Shares of Fannie Mae FNMA, +2.96% and Freddie Mac FMCC, +2.59% surged Monday after their chief regulator emphasized that the two mortgage enterprises would be allowed to hold their capital instead of sweeping it to the Treasury Department.
But Mark Calabria, who has helmed the Federal Housing Finance Agency since April, went a step further. In a public appearance in New York, Calabria affirmed that his agency and the Treasury Department have been discussing ways to allow Fannie and Freddie to raise additional capital.
“It would likely take a very long time to build sufficient capital through retained earnings alone,” he said. That’s obvious from a quick look at the math — the two companies made about $25 billion last year. The former FHFA acting director said the two companies could need up to $200 billion in capital, and some analysts say that number could stretch even higher.
In a subsequent appearance on CNBC, Calabria mentioned that the companies’ common shareholders are part of the discussions now underway, a comment that took many housing finance observers by surprise.
“Existing common shareholders have not been a significant part of the discussion,” said Brandon Barford, a partner with Beacon Policy Advisors, a boutique research firm.
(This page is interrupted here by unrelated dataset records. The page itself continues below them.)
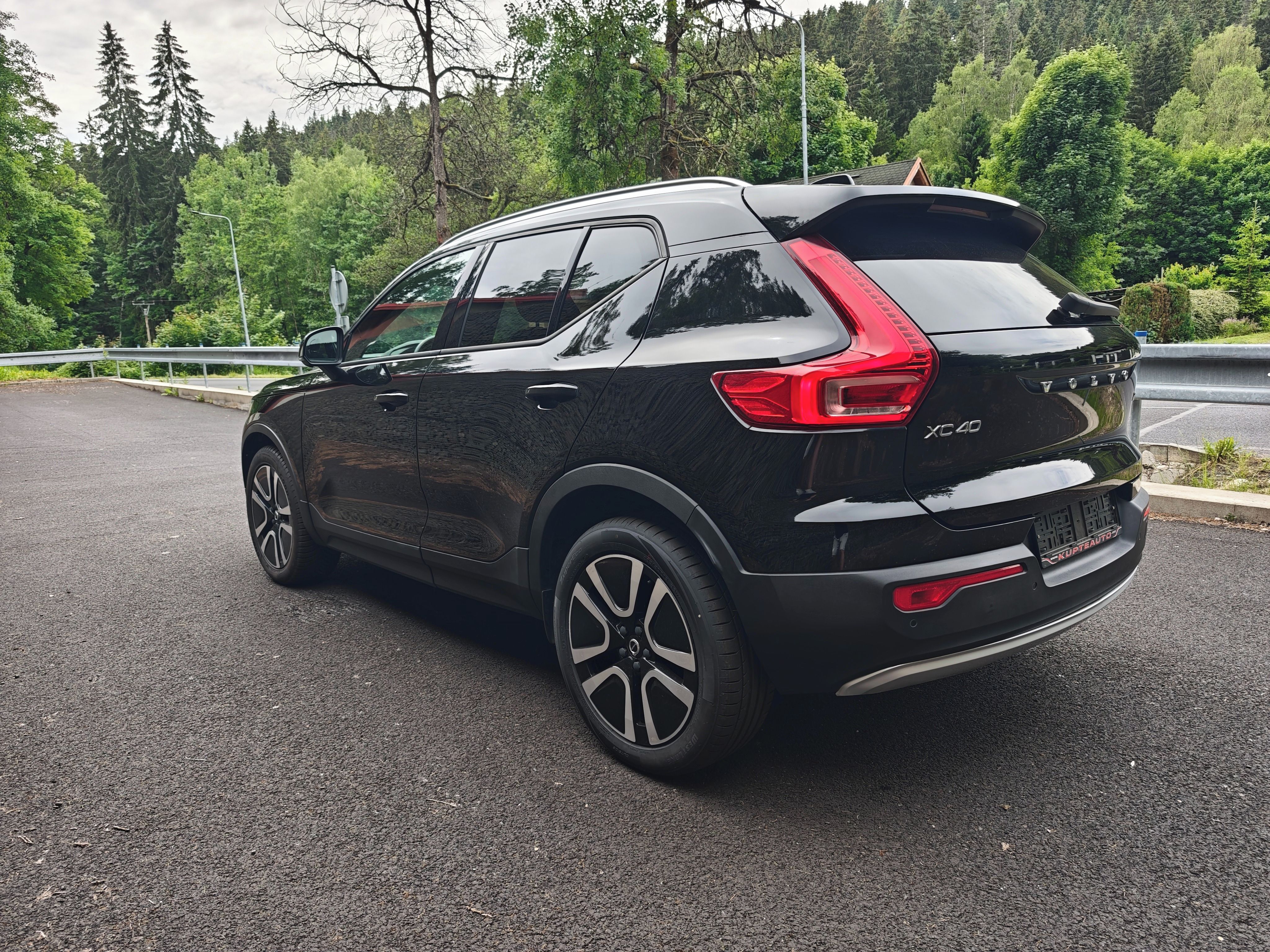 Volvo XC40, VOLVO XC40 T3 AT PANORAMA - fotka 5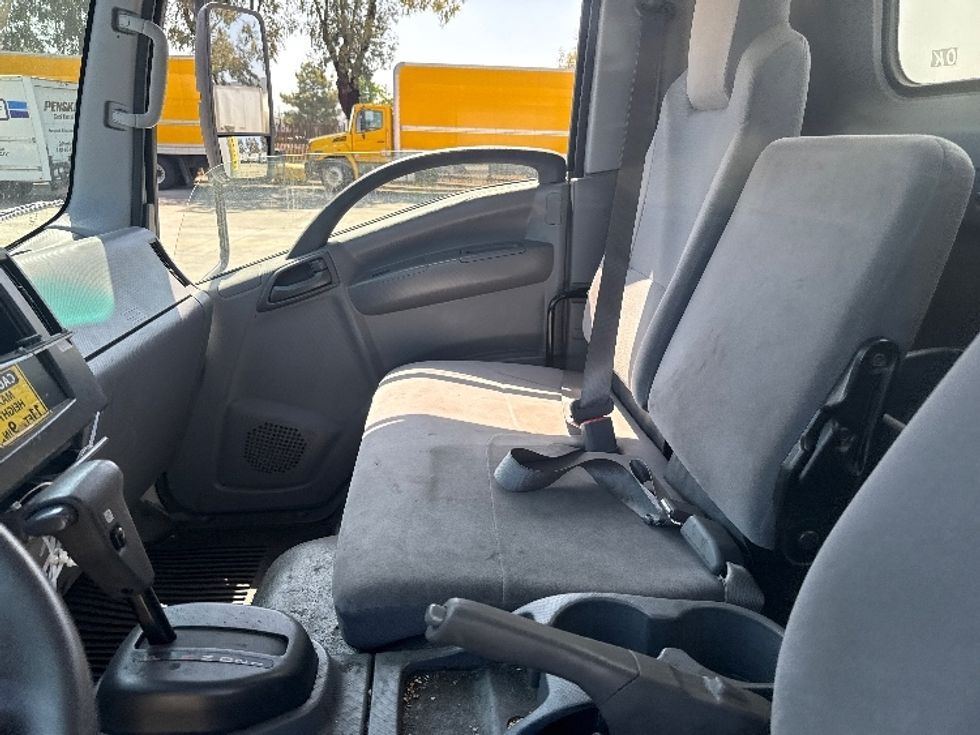 Medium Duty Box Truck-Light and Medium Duty Trucks-Isuzu-2020-NRR-San Marcos-CA-150,159\n\t\tmiles-$ 41,750 - Image 19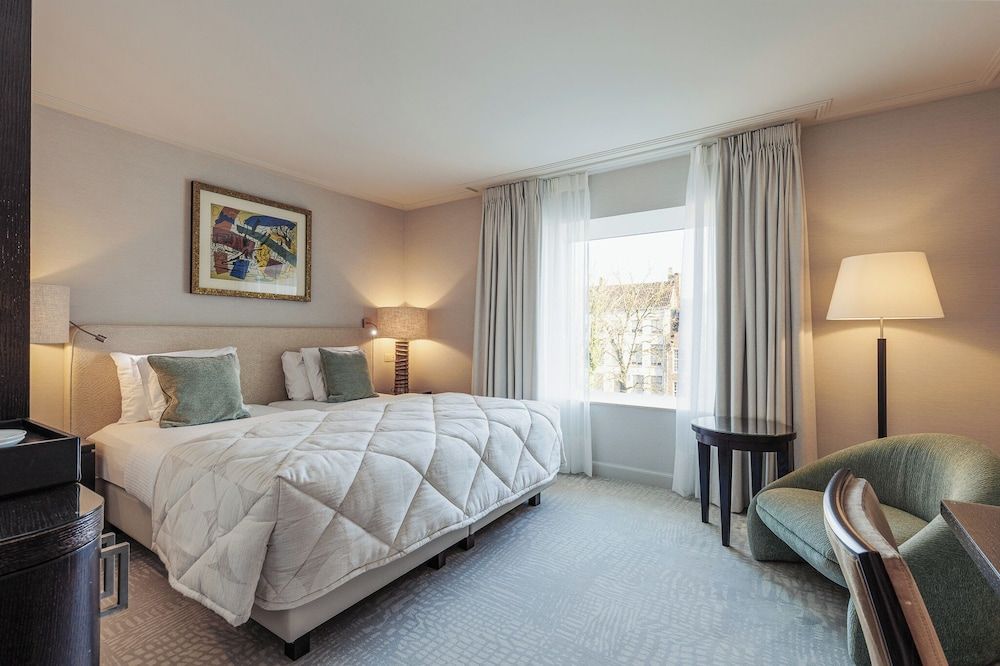 Superior Room, Canal View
Before co-founding Beacon, Barford worked alongside Calabria on the Senate Banking Committee at the height of the crisis. “Frankly, there hasn’t been a lot of emphasis on the mechanics of how this would work. I’m curious about that and I’m not sure that’s all been worked out in FHFA, let alone in negotiations with Treasury.”
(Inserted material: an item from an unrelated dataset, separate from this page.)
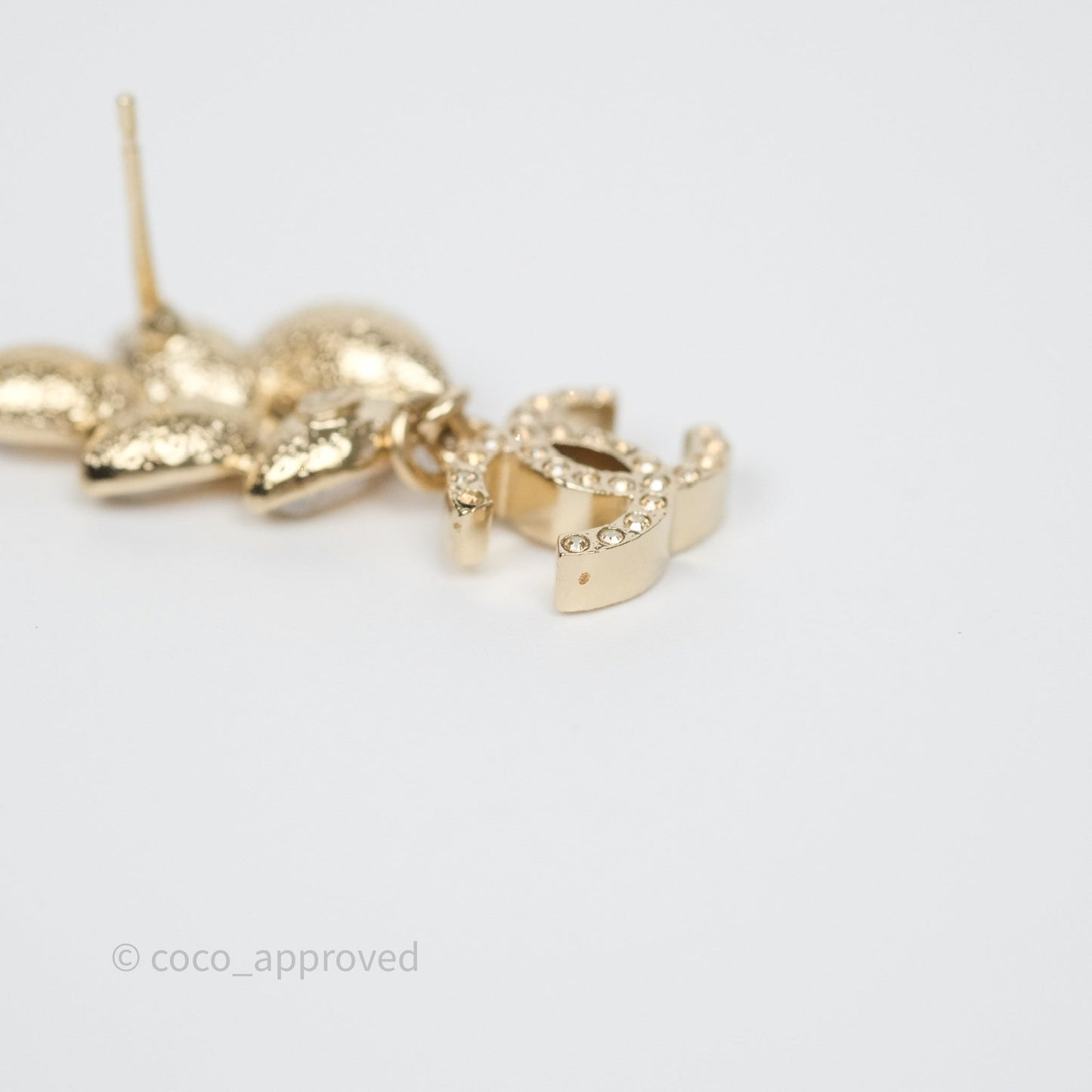 Chanel Crystal Leafy CC Earrings Gold Tone 22K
Calabria’s comments on CNBC, on the sidelines of a major industry gathering, were somewhat rushed as he tried to explain the nuances behind the notion of a “public offering” for companies that already have shares outstanding. Holders of common shares “were never wiped out,” he said. “Whether we can do some kind of conversion with preferreds, or whether they would get par, it’s way too early to figure that out.”
As a reminder: the plan that rushed Fannie and Freddie into conservatorship as the financial system melted down in 2008, and subsequent amendments, gave the Treasury Department warrants representing about 80% of each enterprise, payable as “senior preferred shares.”
There are also outstanding preferred shares, many owned by well-known investors like John Paulson, and common shares (Bill Ackman’s Pershing Square is one of the biggest single shareholders of the common stock.)
As MarketWatch has previously reported, there is broad agreement about the basic outlines of what the future housing finance system should look like. But the stickier questions remain: how to disentangle the hornet’s nest of temporary patches that have propped up the housing finance system for the past decade in a way that’s fair to everyone.
What if Treasury just sold its warrants? That would keep taxpayers whole – it was the public purse that backstopped Fannie and Freddie during the crisis, so it seems only fair to many observers – but it wouldn’t raise new capital. Conversely, if Treasury were to write off its investment, or gift it back to the companies, it would “be giving up a lot of money that could be paying down the deficit,” in Barford’s words.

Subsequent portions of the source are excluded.